60からのしあわせさがし ~bistrotkenwoodの日記

徒然日記、料理教室、学習障害、お一人様、外国との縁

フランスのピアノ、プレイエル

猛暑の中、久方ぶりにピアノの調律師のK氏が来てくださった。
夫がパリで求めて持ち帰り、彼の「宝物」だったプレイエルの調律のために。

前回のブログで、夫は最後の最後までピアノを習い続けたと書いたが、実は夫にとってピアノは「50の手習い」、50歳を過ぎてゼロから習い始めたので、初心者のまま人生を終えることになった。子供の頃からずっとピアノを習いたいと願い続け、その夢がようやく叶ったのが50歳。それだけに、弾きたい、習いたいという思いは人一倍強かった。仕事で多忙を極める中でも、出勤前の練習を欠かさず、週末には数時間。そして熱心にレッスンに通った。
フランスが最後の任地となったのだが、若い日の語学研修地であり、思い入れのある国が生んだピアノ、「ショパンが愛したプレイエル」が欲しいと願い、運良く新品に近い中古に巡り会えたのだ。
ピアノを手に入れた夫は、帰国したら子どもたちが巣立った部屋をリフォームし、老後を楽しむMy Roomを作るのだと熱く語っていた。一つの壁は一面本棚にして、今まで読み溜めてきた愛蔵書を並べる、その反対の壁際にプレイエルを据えるのだと。
病が見つかった後も、この計画は実施され、夫がこだわってカスタマイズした本棚に夫自ら本を並べ、ピアノも、クレーン車を動員して窓から運び込む様子を、少年のように嬉しそうに眺めていた。
仕上がったばかりの部屋でプレイエルは初めてその美しく甘い音色を響かせ、夫は大喜びした。
しかし、そのわずか3ヶ月後に夫はこの世を去った。
翌年に、パリの時の先生(音楽留学していた優秀な若い男性)が帰国したのを機に、最後まで教えてくださった地元の先生や有志も集まって、夫を偲んで、夫の好きだった曲をプレイエルで弾いてくださった。
近年のコロナの影響もあるが、主がいなくなったピアノを調律したのはその直前が最後だった。

それから7年も過ぎてしまった。
プレイエル以前のピアノの頃から来てくださっていたK氏に電話をすると、瞬時に思い出して下さり、とんとん拍子で今日の訪問が決まった。
現れたK氏は、お医者さまの触診のように全体を優しくチェックし、
「ほら!まだこんなにいい音を出しているじゃないですか!ここも、まだまだ大丈夫…。
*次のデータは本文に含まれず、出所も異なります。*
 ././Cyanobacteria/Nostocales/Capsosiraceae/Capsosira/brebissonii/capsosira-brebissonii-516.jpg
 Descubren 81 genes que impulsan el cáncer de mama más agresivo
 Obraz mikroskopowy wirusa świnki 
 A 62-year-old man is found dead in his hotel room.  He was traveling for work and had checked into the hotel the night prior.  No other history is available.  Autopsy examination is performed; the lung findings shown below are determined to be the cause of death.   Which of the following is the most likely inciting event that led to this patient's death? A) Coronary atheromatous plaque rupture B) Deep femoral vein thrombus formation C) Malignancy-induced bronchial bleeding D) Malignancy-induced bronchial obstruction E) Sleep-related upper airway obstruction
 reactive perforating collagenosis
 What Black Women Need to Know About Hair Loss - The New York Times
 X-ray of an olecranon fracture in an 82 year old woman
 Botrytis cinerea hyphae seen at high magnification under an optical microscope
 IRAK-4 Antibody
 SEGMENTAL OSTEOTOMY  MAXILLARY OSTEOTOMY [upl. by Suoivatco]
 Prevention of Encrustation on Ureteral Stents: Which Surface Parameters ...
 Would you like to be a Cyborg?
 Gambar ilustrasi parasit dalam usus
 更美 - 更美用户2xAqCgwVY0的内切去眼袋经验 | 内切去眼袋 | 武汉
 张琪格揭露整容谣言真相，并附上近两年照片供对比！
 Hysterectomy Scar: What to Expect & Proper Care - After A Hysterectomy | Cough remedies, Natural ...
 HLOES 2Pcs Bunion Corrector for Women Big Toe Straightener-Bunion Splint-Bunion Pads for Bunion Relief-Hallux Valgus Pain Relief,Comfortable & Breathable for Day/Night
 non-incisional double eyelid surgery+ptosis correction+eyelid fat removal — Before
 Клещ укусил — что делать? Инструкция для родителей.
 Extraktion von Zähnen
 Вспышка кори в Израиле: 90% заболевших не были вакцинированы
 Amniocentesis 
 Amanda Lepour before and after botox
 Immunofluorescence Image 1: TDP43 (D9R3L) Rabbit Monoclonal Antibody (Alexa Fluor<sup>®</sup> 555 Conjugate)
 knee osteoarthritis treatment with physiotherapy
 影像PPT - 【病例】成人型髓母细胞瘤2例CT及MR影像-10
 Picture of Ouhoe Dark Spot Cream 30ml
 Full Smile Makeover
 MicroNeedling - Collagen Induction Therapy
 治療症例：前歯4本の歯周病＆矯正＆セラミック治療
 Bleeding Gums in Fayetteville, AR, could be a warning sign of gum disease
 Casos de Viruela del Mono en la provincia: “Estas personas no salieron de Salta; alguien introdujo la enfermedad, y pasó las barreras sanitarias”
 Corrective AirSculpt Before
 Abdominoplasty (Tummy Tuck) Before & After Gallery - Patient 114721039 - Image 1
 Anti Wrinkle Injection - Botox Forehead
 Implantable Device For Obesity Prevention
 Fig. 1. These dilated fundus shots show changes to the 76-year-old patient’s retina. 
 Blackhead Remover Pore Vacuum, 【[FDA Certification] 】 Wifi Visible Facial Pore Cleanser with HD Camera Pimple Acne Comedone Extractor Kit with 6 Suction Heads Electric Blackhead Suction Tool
ここも。ピアノの寿命から言ったら、全然新しいから、まだまだこれからいい音が出ますよ」
そして、プレイエルの特性について熱く語った後、
「ではこれからゆっくりみていきましょう。お時間をください」
長く眠っていたピアノの魅力ある音を呼び覚ますため、時間をかけて丁寧に調律してくださった。

とても残念なことに息を吹き返したピアノを直接弾いて試すことが私にはできない。
しかし、美しい音を秘めたピアノが夫のMy Roomにあるというだけで、夫の部屋全体が生き返ったように感じた。
夫の命日月をよいかたちで締めくくることができてうれしい。